Top of Dataset entries
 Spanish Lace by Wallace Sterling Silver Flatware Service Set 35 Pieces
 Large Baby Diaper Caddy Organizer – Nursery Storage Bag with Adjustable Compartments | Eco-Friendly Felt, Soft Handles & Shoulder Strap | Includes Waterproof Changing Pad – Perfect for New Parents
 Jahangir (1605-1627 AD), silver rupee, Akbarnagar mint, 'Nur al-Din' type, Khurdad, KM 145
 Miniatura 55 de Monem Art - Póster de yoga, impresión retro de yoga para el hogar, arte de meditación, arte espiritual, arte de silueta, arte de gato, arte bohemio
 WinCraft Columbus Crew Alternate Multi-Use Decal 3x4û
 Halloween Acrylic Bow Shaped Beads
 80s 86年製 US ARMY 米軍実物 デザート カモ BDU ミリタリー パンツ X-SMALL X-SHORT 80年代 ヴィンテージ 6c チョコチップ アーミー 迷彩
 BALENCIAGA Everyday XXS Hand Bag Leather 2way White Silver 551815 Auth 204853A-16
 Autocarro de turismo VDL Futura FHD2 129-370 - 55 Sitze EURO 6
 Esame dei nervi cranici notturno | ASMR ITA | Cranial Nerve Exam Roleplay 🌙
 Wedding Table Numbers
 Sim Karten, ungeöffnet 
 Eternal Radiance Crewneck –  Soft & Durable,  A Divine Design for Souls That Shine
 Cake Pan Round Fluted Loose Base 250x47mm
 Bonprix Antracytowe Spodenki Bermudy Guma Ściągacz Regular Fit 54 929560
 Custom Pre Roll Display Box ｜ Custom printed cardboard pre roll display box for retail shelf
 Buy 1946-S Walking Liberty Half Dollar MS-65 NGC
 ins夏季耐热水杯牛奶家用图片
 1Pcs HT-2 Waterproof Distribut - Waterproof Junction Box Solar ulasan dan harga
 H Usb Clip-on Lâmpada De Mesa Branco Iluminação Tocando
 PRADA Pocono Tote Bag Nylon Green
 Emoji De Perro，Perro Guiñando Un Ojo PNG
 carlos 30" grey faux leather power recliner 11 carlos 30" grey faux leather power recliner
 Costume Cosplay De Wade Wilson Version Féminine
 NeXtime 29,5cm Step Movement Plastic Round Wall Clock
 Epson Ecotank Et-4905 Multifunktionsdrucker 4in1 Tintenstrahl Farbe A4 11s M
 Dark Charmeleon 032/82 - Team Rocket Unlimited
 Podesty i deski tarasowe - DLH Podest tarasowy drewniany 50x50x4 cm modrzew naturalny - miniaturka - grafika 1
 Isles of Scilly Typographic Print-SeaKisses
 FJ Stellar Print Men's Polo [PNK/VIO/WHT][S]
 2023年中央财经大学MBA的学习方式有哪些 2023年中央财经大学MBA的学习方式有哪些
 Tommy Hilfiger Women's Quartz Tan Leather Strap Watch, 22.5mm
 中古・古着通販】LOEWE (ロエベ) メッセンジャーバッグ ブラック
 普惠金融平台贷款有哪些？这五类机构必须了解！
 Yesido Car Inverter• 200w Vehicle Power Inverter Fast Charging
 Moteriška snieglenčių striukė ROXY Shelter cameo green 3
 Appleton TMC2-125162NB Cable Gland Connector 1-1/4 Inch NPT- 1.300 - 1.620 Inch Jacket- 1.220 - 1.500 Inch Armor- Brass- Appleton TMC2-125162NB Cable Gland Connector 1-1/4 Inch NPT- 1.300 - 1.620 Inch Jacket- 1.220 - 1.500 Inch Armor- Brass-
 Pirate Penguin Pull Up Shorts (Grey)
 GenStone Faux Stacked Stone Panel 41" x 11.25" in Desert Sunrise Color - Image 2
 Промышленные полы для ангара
Bottom of Dataset entries
■ Exercise description:
Starting from the line that contains "Wedding Table Numbers", give again every line to the last line of the data, exactly. Include nothing else.

■ Finished task:
 Wedding Table Numbers
 Sim Karten, ungeöffnet 
 Eternal Radiance Crewneck –  Soft & Durable,  A Divine Design for Souls That Shine
 Cake Pan Round Fluted Loose Base 250x47mm
 Bonprix Antracytowe Spodenki Bermudy Guma Ściągacz Regular Fit 54 929560
 Custom Pre Roll Display Box ｜ Custom printed cardboard pre roll display box for retail shelf
 Buy 1946-S Walking Liberty Half Dollar MS-65 NGC
 ins夏季耐热水杯牛奶家用图片
 1Pcs HT-2 Waterproof Distribut - Waterproof Junction Box Solar ulasan dan harga
 H Usb Clip-on Lâmpada De Mesa Branco Iluminação Tocando
 PRADA Pocono Tote Bag Nylon Green
 Emoji De Perro，Perro Guiñando Un Ojo PNG
 carlos 30" grey faux leather power recliner 11 carlos 30" grey faux leather power recliner
 Costume Cosplay De Wade Wilson Version Féminine
 NeXtime 29,5cm Step Movement Plastic Round Wall Clock
 Epson Ecotank Et-4905 Multifunktionsdrucker 4in1 Tintenstrahl Farbe A4 11s M
 Dark Charmeleon 032/82 - Team Rocket Unlimited
 Podesty i deski tarasowe - DLH Podest tarasowy drewniany 50x50x4 cm modrzew naturalny - miniaturka - grafika 1
 Isles of Scilly Typographic Print-SeaKisses
 FJ Stellar Print Men's Polo [PNK/VIO/WHT][S]
 2023年中央财经大学MBA的学习方式有哪些 2023年中央财经大学MBA的学习方式有哪些
 Tommy Hilfiger Women's Quartz Tan Leather Strap Watch, 22.5mm
 中古・古着通販】LOEWE (ロエベ) メッセンジャーバッグ ブラック
 普惠金融平台贷款有哪些？这五类机构必须了解！
 Yesido Car Inverter• 200w Vehicle Power Inverter Fast Charging
 Moteriška snieglenčių striukė ROXY Shelter cameo green 3
 Appleton TMC2-125162NB Cable Gland Connector 1-1/4 Inch NPT- 1.300 - 1.620 Inch Jacket- 1.220 - 1.500 Inch Armor- Brass- Appleton TMC2-125162NB Cable Gland Connector 1-1/4 Inch NPT- 1.300 - 1.620 Inch Jacket- 1.220 - 1.500 Inch Armor- Brass-
 Pirate Penguin Pull Up Shorts (Grey)
 GenStone Faux Stacked Stone Panel 41" x 11.25" in Desert Sunrise Color - Image 2
 Промышленные полы для ангара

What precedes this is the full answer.